> _About this exercise_
Restate, exactly as written, the entries below from the line that holds "PEELE John Thomas" through the line that holds "Caricature of Labron James | Metal Poster". Pictures are not part of the copy.

> _Information_

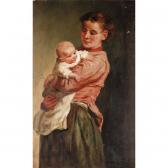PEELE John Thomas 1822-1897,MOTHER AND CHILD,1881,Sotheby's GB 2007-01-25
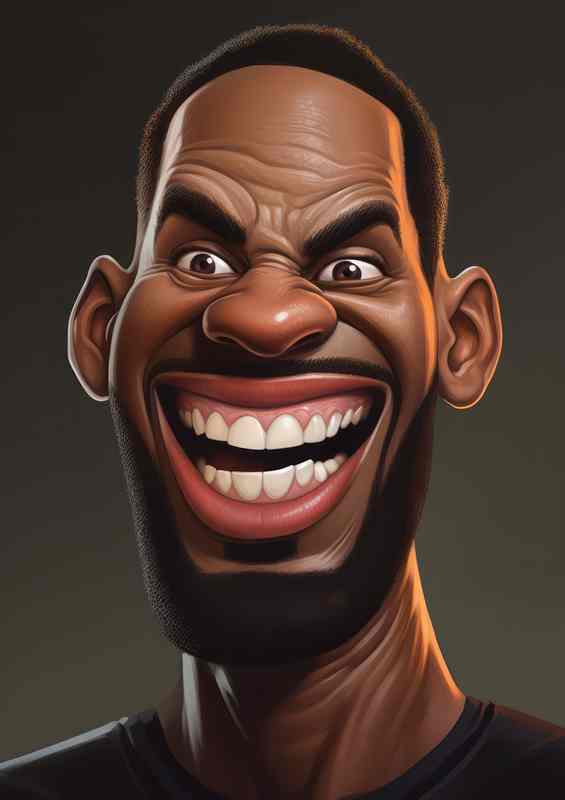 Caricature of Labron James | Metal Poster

* * *

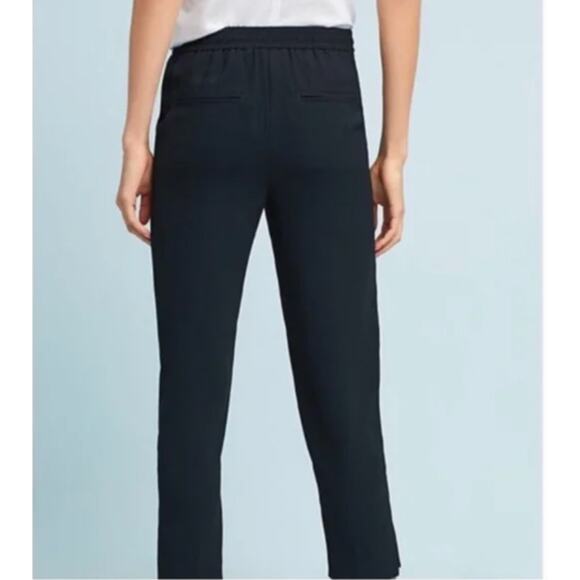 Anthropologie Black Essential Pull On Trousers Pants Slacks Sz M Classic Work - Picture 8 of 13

> _Response_
PEELE John Thomas 1822-1897,MOTHER AND CHILD,1881,Sotheby's GB 2007-01-25
 Caricature of Labron James | Metal Poster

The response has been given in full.